• **Work to be completed**: Copy out the full listing below as it stands, with its pictures left behind.

• **Supplied material**:

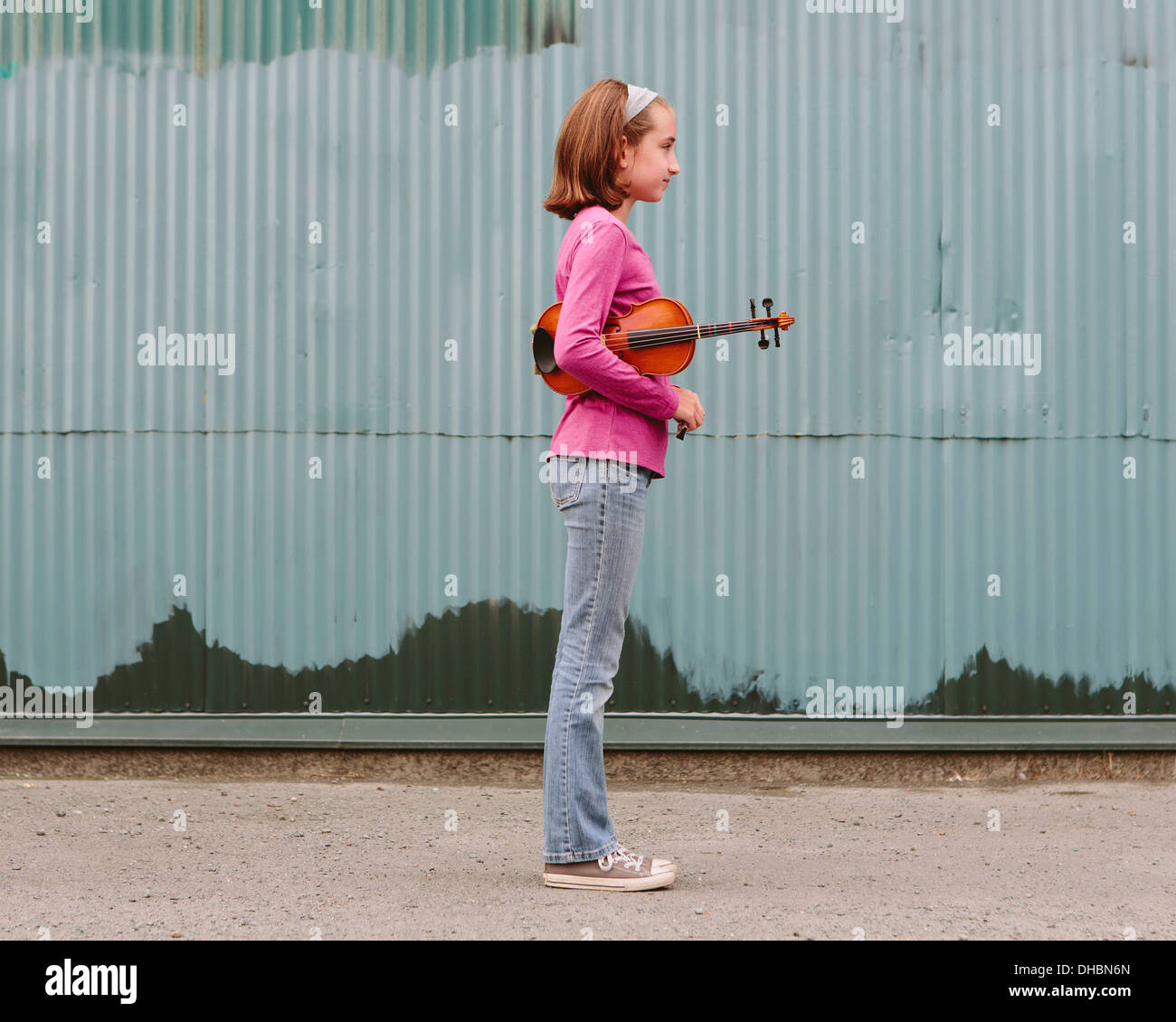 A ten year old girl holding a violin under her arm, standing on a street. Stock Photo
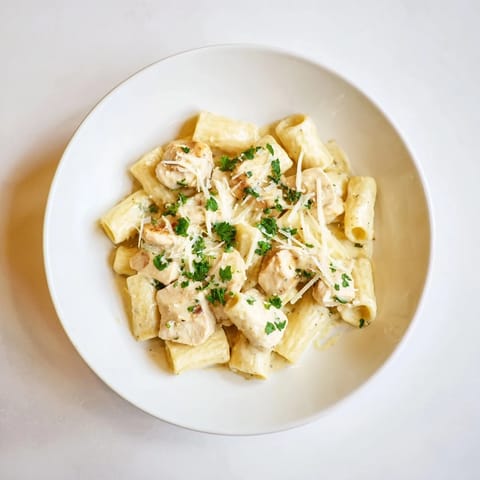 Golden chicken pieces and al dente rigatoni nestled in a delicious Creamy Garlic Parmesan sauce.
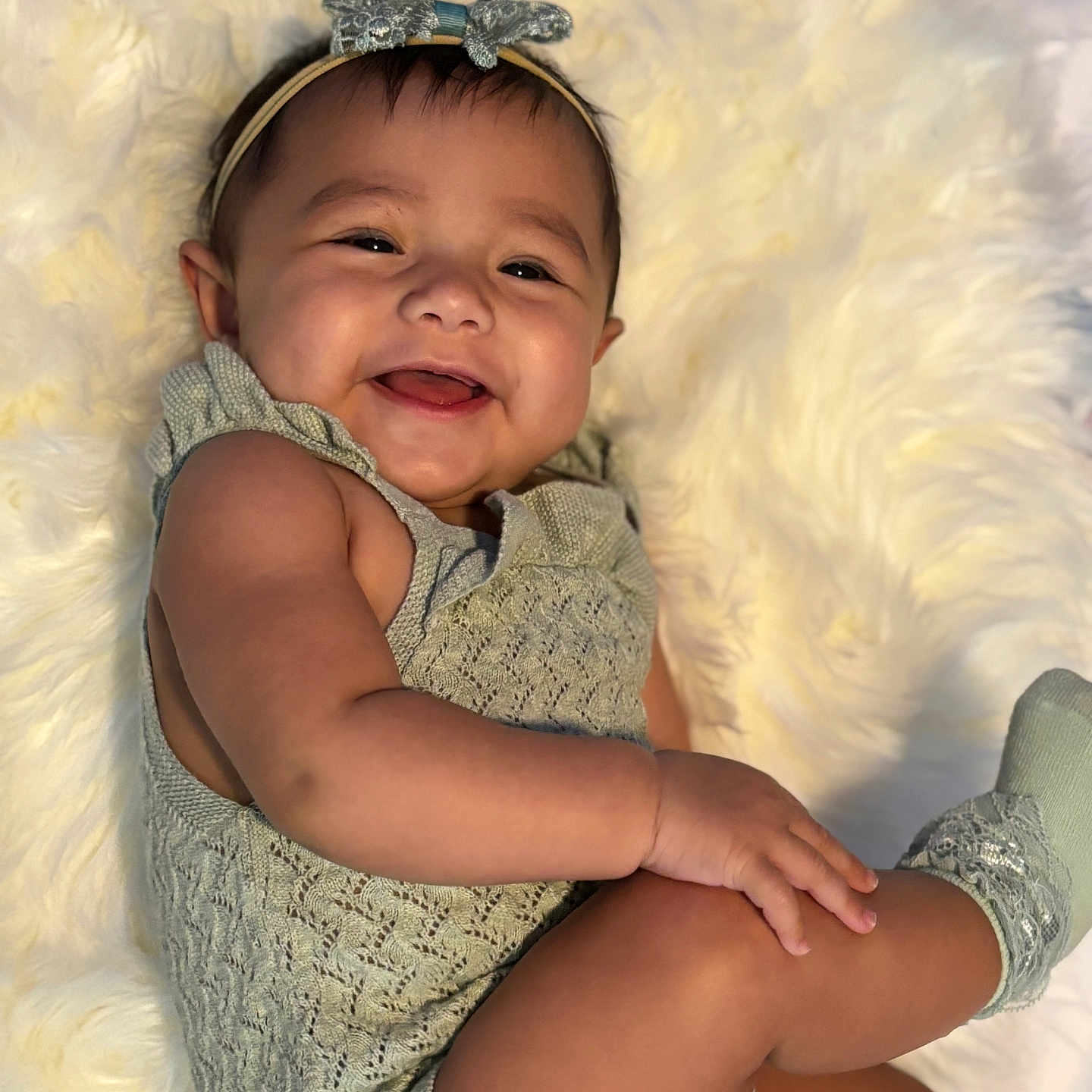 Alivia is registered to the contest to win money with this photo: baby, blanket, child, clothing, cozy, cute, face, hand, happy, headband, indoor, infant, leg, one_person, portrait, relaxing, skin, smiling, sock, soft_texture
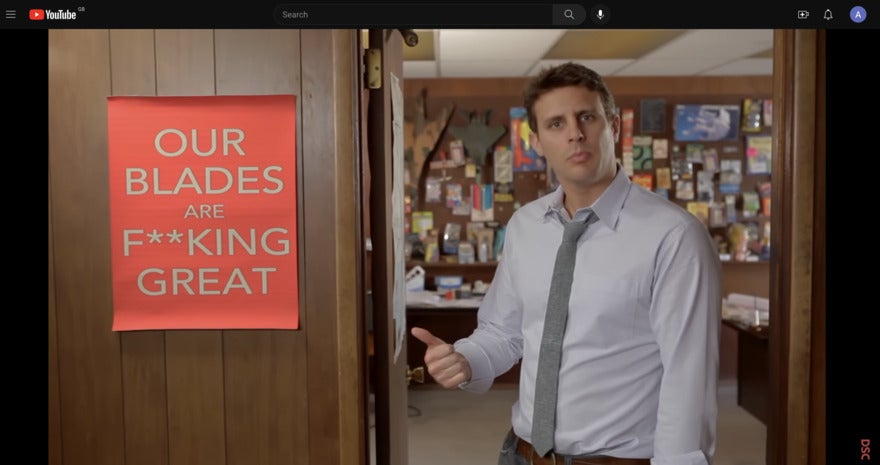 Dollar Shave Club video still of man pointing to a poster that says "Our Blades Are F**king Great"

• **Answer section**:
 A ten year old girl holding a violin under her arm, standing on a street. Stock Photo
 Golden chicken pieces and al dente rigatoni nestled in a delicious Creamy Garlic Parmesan sauce.
 Alivia is registered to the contest to win money with this photo: baby, blanket, child, clothing, cozy, cute, face, hand, happy, headband, indoor, infant, leg, one_person, portrait, relaxing, skin, smiling, sock, soft_texture
 Dollar Shave Club video still of man pointing to a poster that says "Our Blades Are F**king Great"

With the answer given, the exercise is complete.